2008 Ford Explorer Sport Trac (continued)
Walkaround
The 2008 Explorer Sport Trac looks very much like the 2008 Explorer. From just behind the front doors forward, it shares its design with the current Explorer. This is part of Ford's plan to push brand identity, and why the fronts of Ford's light-duty trucks, be they pickups or SUVs, wear many of the same design features. Common features with the Explorer include the chrome-framed grille, bumper centerpiece, lower air intake, wraparound body-color lower fascia above the blacked-out front air dam, and the signature geometric housings for the compound headlights/running lights.

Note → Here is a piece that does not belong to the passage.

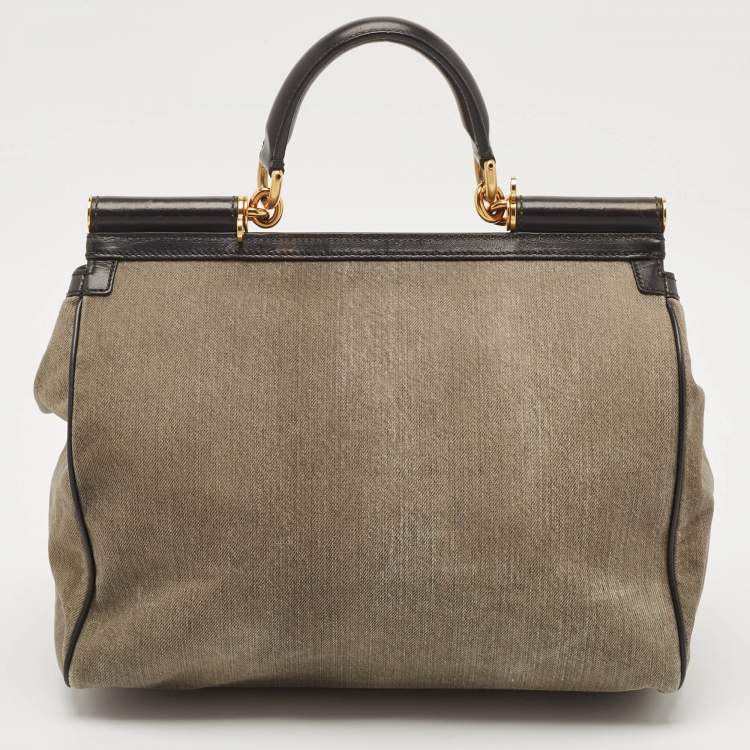 Pre Owned Dolce & Gabbana Tricolor Ostrich Leg Leather and Canvas Large Miss Sicily Top Handle Bag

The 2008 Sport Trac is considerably longer than the Explorer. Wheelbase (distance between the tires front to rear) and overall length (bumper to bumper) are both almost 17 inches longer. Thus, while the Explorer is the more people-oriented of the two, the Sport Trac's longer wheelbase promises a less choppy, more controlled ride. Curious. The Dodge Dakota Quad Cab is the only other midsize pickup to exceed the Sport Trac in wheelbase and overall length, and by less than an inch in wheelbase. Of the remaining four-door, short-bed, midsize pickups, the Chevrolet Colorado, the Honda Ridgeline, the Nissan Frontier and the Toyota Tacoma measure between three and four inches shorter overall. The Sport Trac's bed is 4.5 feet long, the rest around 5 feet.

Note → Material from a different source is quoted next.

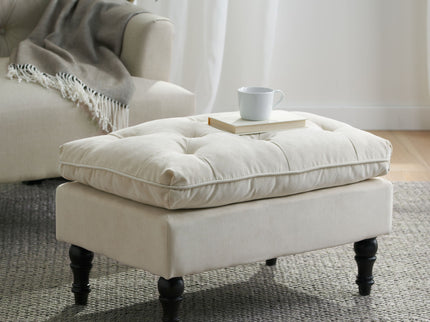 Lofton - Pillow Top Ottoman With Button Tufting - Cream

From the rear, the Sport Trac looks like a Ford pickup. One distinctive aspect is that the sides of the bed and the tailgate rise as much as three inches higher than is the norm in the segment. While this increases the space enclosed by the bed, it definitely makes hefting boxes and bags up and over into the bed more of a strain, a painful trait it shares with the Honda Ridgeline. By making the Sport Trac look taller, it also raises the Sport Trac's visual center of gravity, although the wider body and wider track help to reduce this impression.
Interior Features
Inside, the 2008 Ford Explorer Sport Trac looks a lot like the Explorer cabin. Not that it lacks anything by way of necessities or has been saddled with an abbreviated option list, but there's more borrowed than new. The Sport Trac shares virtually all of its interior, from trim to seat frames, with the Explorer.
The instruments are simple and easy to scan. The fuel and coolant gauges are tucked away in the lower, outer quadrants of the tachometer and speedometer; they could be larger and located closer to the driver's line of sight. The center stack is packed with functions but it's intuitively organized, with readily deciphered controls and displays. However, we'd prefer a tuning knob for the radio instead of the Sport Trac's slow scanning rocker switch.
The optional navigation system pushes the audio controls to the side and either gangs some functions or transfers them to the LCD screen, and it's a clean look. The only real concern here is with the number of components making up the dash assembly. The fewer the components the better, generally speaking, to reduce the number of squeaks as the miles pile up, and the Sport Trac's dash has one of the highest counts we've seen.
The seats are comfortable, though the bottom cushions front and rear could provide more thigh support. Foot clearance in the rear doorways when climbing in and out is cramped, but once inside, there's decent area beneath the front seats. All five seating positions get three-point seatbelts, but only the front seats and the outboard rear seats get the adjustable full-size head restraints. Comparatively speaking, the Sport Trac's interior lands squarely in the middle of the segment. The Nissan Frontier and Toyota Tacoma have a few tenths of an inch more front-seat headroom, the Honda Ridgeline almost an inch. The Frontier and the Ridgeline are tops in rear-seat headroom, but by only tenths of an inch. The Chevy Colorado has an inch and a half more front-seat legroom but almost two inches less rear-seat legroom. The Ridgeline wins in hiproom, by about two inches front and rear, the Frontier offers fully two and a half inches more rear-seat hiproom, and the Dakota squeaks in with a half-inch more hiproom all around. Bottom line, Sport Trac interior roominess is comparable to that of midsize crew cab pickups.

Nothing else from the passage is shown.